Ich jedenfalls habe mich sehr verstanden gefühlt und finde es heute noch phantastisch, wie Wolf Biermann die SED-Erben und Luxus-Kommunisten mit nur einem ausgewählt formulierten Ausdruck "elender Rest dessen, was zum Glück überwunden wurde" vorführte und zur schamvollen Weißglut brachte. Exzellent!

Da muss Ihr so sorgsam zusammengefügtes Weltbild aber ins Schwimmen kommen!

Auch für Sie, da muss ich mir nur Ihre Kommentare ansehen, ist doch mittlerweile jeder, der links der AfD steht, mindestens ein potentieller Kommunist.

Wolf Biermann nimmt sich jedoch die Freiheit, nicht nur die Linke, sondern auch die rechtsextreme AfD einschliesslich ihrer Bodentruppen (Pegida usw.) zu kritisieren.

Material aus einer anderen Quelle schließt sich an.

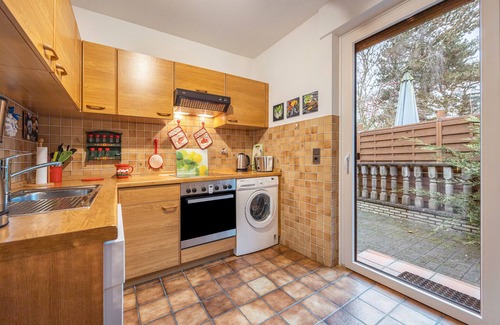 Meldorf House | Holiday Home 'Ferienhaus Timm' with Private Terrace, Shared Garden and Wi-Fi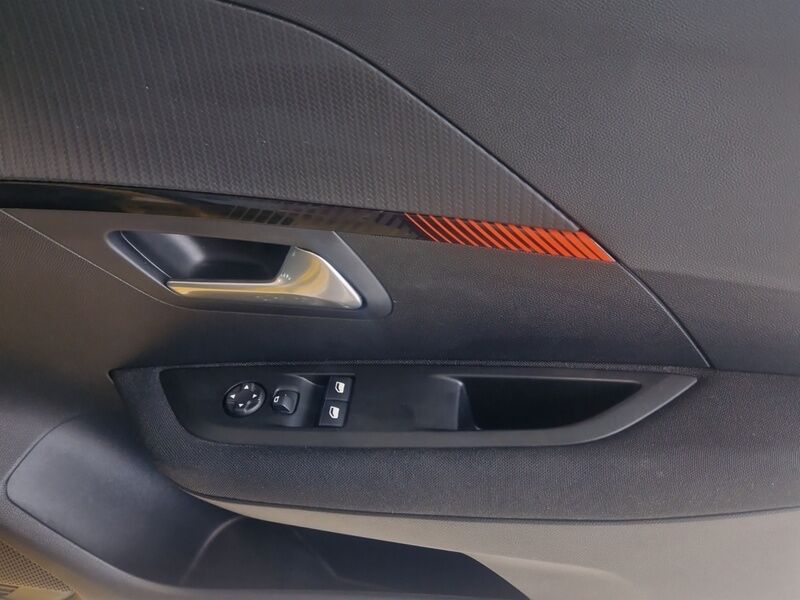 More views of Peugeot 208
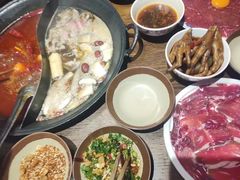 -萍姐火锅·公路夜市(武汉首店)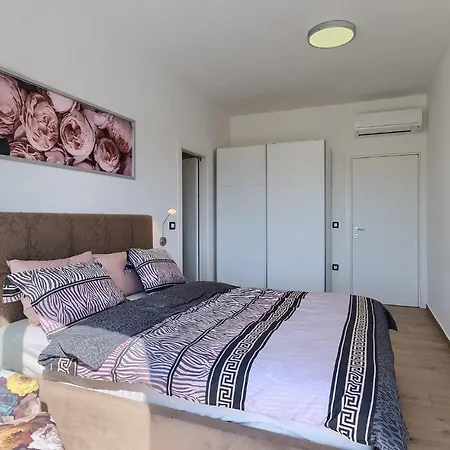 Holiday home 4 Bedroomstunning In Pula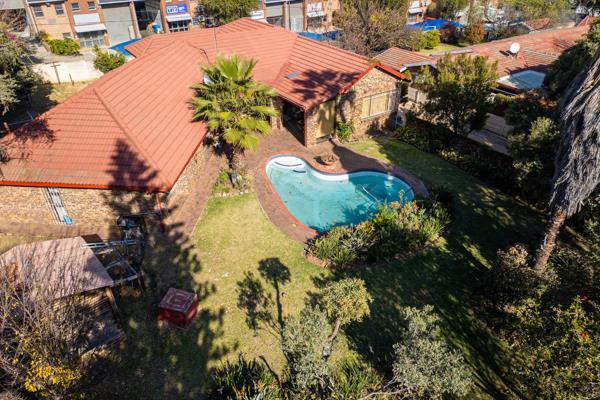 Location counts. Boomed off area with security guard. 
Ferndale EXT /Bryanston EXT border. Easy access to N1.
Place to call home and ...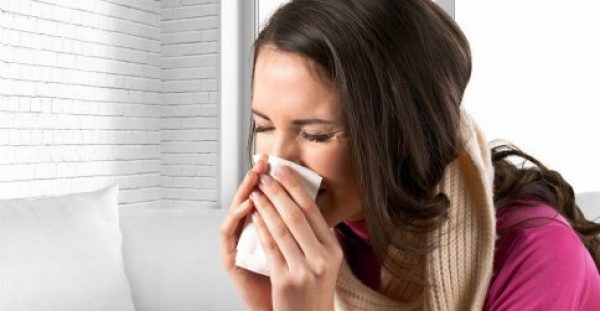 Γρίπη & κρυολόγημα: Οι διαφορετικές επιπτώσεις στα δύο φύλα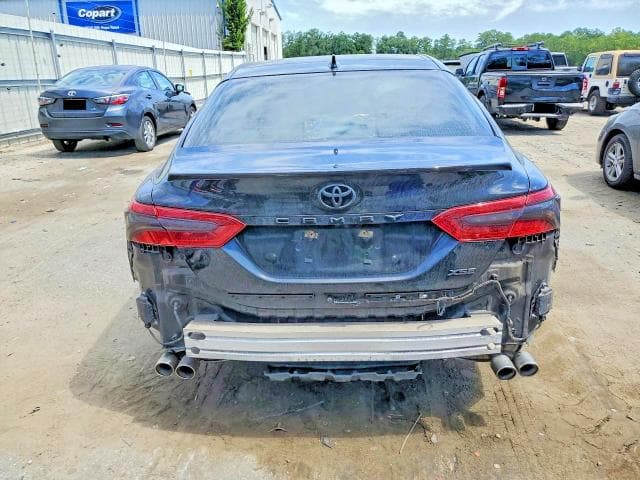 2021 TOYOTA CAMRY XSE 6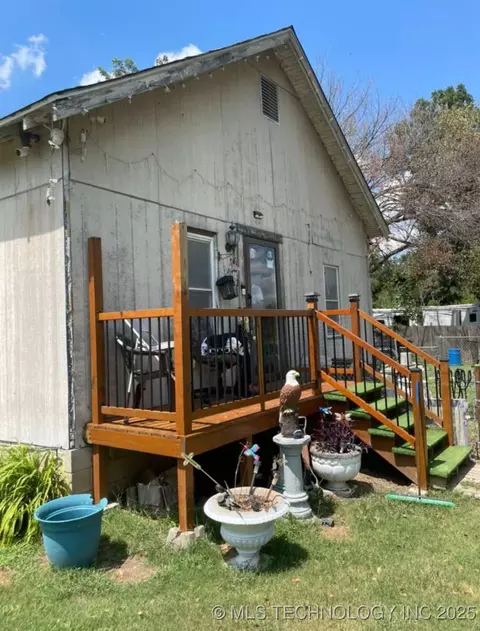 1747 E Latimer Pl, Tulsa, OK 74110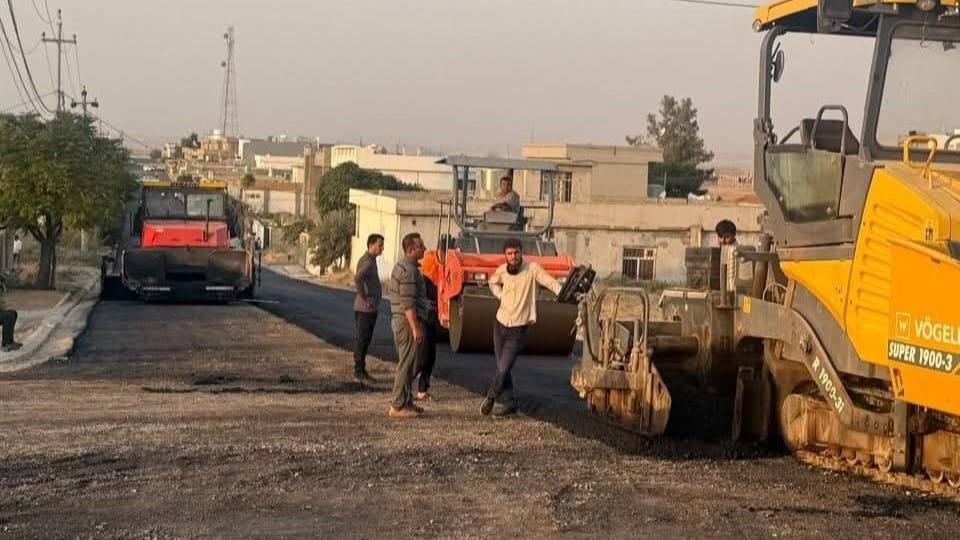 چەند شەقامێکی شاخۆڵان قیرتاو دەکرێن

Zum Beispiel meinte er: "Wer die Nazi-Zeit einen Vogelschiss nennt, ist ein Verbrecher"
https://www.dw.com/de/wolf-biermann-wer-die-nazi-zeit-einen-vogelschiss…

Bekommt er jetzt auch von Ihnen den "roten Stern" verliehen?

Ein "elender Rest dessen, was zum Glück überwunden wurde", betreffend wohl einen erklecklichen Teil der damaligen PDS, finde ich auch gut, Herr Johannsen.
Aber als lange überzeugter Ganzlinker habe ich nach dem Durchschauen dieser faktenunbasierten Beglückungsideologie auch schnell gespürt, woher der Wind bei manch allzu eifrigen Kritiker:innen des "Staatskapitalismus" wehte: sich anwanzen an die westlich-privatkapitalistische Ideologie und sich im Lob samt Kohle dafür suhlen - Gestalten, die mich nie überzeugten.
Auch etliche SPD-Altlinke genießen immer noch den "Ruhm" aus ihren Apozeiten, auf gutdotierten Posten in Unis, Parteigremien und anderen Zivil-Institutionen, deren es zuhauf gibt, wie im Cicero jüngst berichtet.
Und warum ein junger Mensch sich über so einen deutlichst selbstverliebten Boudoir-Revoluzzer mit Grassbart nicht lustig machen darf, der sich seinerseits vor keiner Schmähung und keiner revanchistischen Entgleisung scheut, müsste mir schon mal genauer erklärt werden.

Bernd Windisch | Mi., 2. November 2022 - 15:43

Wolf Biermann geht es nur um Wolf Biermann. Das trifft den Nagel auf den Kopf!

Dieses aktuelle Zitat Wolf Biermanns: „Ich komme aus dem Krieg, „und bin am Ende meines Lebens wieder im Krieg gelandet“ zeigt die ganze banale Ichbezogenheit dieses selbstverliebten Wichtigtuers.

Biermann sitzt aktuell nicht im Krieg sondern warm und weich auf seiner Couch und singen kann er auch nicht.

Han Hube | Mi., 2. November 2022 - 15:48

Wann kommt sie endlich, die ‚ Deutsche Fremdenlegion‘ - man darf sie von mir aus auch Condor, Gummiente oder Wotansbrigade nennen - egal, Hauptsache die Biermänner unseres Schlandes können sich endlich vor Ort min Begleitung von S-Z und Typen wie dieser ‚Journalistin‘ in den Kugelhagel begeben und das Dulc‘et decorum est pro patria mori am eigenen Leib erfahren ….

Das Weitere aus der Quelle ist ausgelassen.